John F. Maisto, member of the Advisor board and former U.S. ambassador to Nicaragua: 2021 began with slight political hope for Nicaragua. The November presidential election would be the opportunity, with opposition participation, for Nicaraguans to peacefully select leadership and address what produced the 2018 violence, as the Ortega regime preached. Month by month, however, hope faded to farce and tragedy as it became clear that Ortega had no such outcome in mind. Political prisoners continued in jail, opposition candidates were arrested, and political mobilization was suppressed. Police shut down much of the media. Fascist-crafted legislation calling all opposition treason and invoking ‘sovereignty’ provided the ‘legal’ justification. The non-separation of powers deepened. The regional and international response, with the usual few exceptions, was condemnation of Ortega. After Sunday, sanctions from abroad on regime figures will continue and expand, but they will fail to persuade. The economic and financial sanctions that are likely to come will damage the economy of the second-poorest country in the Americas, generating more poverty, migration and problems for the region, and—with Russian meddling—for the United States. Any social unrest will encounter efficient suppression. Post-November may see a new Ortega strategy to respond to international pressure that offers negotiation with political leaders freed from jail and international participation à la Nicolás Maduro. If that happens, the international community should engage to deal with poverty, migration and human rights issues, along with democratic governance. Without such initiatives that Nicaraguans generate with U.S. and international assistance, prospects for Nicaragua will remain bleak.

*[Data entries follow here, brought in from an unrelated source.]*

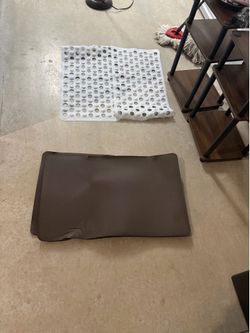 4 cushioned mats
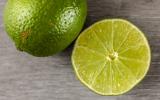 Benefícios de tomar limão de manhã: é isso que acontece com o seu corpo quando você ingere meia fruta por dia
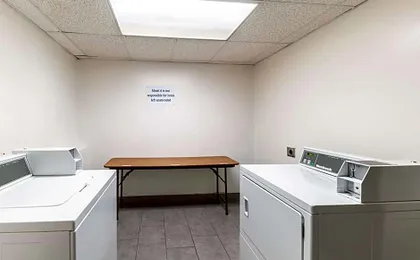 Motel 6 Lewisville, TX - Medical City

Jennie Lincoln, senior advisor for Latin America and the Caribbean at The Carter Center: Democracy is dead in Nicaragua. Its slow death began earlier but took a giant leap at the brutal response of the Ortega-Murillo regime to the civic protests that erupted in April 2018. Cross-generational, peaceful protests, with demonstrators waving blue and white Nicaraguan flags, began as a response to surprise changes in the social security structure. However, they resulted in violent repression, deaths and the imprisonment of citizens expressing opposing views to the government’s actions. An attempt at a national reconciliation dialogue in May 2018 resulted in Ortega’s abrupt departure from the negotiating table and a turn toward the trenches with a repressive response. Draconian laws were passed in 2020 that were used to charge political opposition and business leaders—including opposition pre-presidential candidates—with sedition, terrorism, money laundering and/or cybercrimes, resulting in detention, house arrest and imprisonment. The political opposition, except for small parties that are aligned with the regime, was systematically eliminated from electoral competition in this Sunday’s elections. Independent journalists have been imprisoned or driven into exile. No credible conditions exist for democratic elections in Nicaragua, with more than 150 political prisoners, no freedom of expression, no citizen security for mobilization, no respect for human rights and no compliance with international standards for electoral administration. The regime may claim victory on Sunday, but the victory will be shallow for the almost 70 percent of people who expressed opposition to the regime in a recent CID Gallup poll. Nicaragua will face condemnation in the international community and increased calls for economic sanctions to pressure the Ortega-Murillo regime to reverse its return to dictatorship that Nicaraguans had previously chosen to reject. Nicaraguans know they must be the ones to recover their democracy. The international community should step up to help.

[Editor’s note: The Advisor made repeated requests for a commentary for this issue from Nicaragua’s ambassador to the United States, Francisco Campbell, but received no response.]